### To do
The expected output is the line with "山田杏奈ファースト写真集「PLANET NINE」（東京ニュース通信社刊）" followed by every remaining line of the entries, all repeated exactly.

*** Opening Provided records ***

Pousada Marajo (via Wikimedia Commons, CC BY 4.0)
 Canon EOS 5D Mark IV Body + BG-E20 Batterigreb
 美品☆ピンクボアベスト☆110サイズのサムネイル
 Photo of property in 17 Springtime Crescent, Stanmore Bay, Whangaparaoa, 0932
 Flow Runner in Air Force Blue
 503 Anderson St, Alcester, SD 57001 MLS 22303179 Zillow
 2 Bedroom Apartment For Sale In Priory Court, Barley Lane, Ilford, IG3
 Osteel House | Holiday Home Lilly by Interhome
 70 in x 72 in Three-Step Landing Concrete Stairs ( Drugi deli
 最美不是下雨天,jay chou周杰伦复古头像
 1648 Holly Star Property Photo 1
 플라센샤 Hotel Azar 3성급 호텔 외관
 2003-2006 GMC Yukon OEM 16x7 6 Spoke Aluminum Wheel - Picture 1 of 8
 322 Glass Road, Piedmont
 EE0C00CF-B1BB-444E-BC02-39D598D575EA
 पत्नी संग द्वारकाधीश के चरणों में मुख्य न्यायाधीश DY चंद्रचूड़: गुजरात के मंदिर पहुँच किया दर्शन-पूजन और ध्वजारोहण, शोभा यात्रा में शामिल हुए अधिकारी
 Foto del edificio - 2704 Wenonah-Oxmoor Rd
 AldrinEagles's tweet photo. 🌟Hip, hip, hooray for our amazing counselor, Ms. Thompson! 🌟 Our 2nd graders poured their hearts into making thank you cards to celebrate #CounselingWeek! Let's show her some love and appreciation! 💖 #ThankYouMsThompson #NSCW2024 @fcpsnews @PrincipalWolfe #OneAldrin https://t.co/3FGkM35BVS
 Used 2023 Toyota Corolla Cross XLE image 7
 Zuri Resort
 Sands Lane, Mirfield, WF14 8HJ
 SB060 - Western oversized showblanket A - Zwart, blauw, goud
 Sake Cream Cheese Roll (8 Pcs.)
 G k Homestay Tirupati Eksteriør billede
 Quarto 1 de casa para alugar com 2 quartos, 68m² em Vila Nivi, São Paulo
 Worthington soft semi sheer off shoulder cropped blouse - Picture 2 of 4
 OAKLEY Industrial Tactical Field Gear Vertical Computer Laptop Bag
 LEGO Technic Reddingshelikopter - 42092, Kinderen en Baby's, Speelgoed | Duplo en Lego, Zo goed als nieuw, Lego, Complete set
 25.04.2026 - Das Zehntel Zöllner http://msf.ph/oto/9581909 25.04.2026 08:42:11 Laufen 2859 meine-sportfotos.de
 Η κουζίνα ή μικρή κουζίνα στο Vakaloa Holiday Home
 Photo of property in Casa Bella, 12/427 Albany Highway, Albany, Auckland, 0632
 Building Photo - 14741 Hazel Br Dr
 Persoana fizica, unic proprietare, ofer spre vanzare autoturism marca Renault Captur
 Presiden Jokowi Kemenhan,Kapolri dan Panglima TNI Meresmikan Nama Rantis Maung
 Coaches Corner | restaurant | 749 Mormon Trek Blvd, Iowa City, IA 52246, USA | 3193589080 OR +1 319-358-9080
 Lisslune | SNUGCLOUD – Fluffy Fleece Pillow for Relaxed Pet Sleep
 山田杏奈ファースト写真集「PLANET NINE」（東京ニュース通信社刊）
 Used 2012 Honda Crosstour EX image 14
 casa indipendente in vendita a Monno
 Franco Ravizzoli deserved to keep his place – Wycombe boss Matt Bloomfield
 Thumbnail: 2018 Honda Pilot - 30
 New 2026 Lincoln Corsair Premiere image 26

*** Closing Provided records ***

### Answer space
 山田杏奈ファースト写真集「PLANET NINE」（東京ニュース通信社刊）
 Used 2012 Honda Crosstour EX image 14
 casa indipendente in vendita a Monno
 Franco Ravizzoli deserved to keep his place – Wycombe boss Matt Bloomfield
 Thumbnail: 2018 Honda Pilot - 30
 New 2026 Lincoln Corsair Premiere image 26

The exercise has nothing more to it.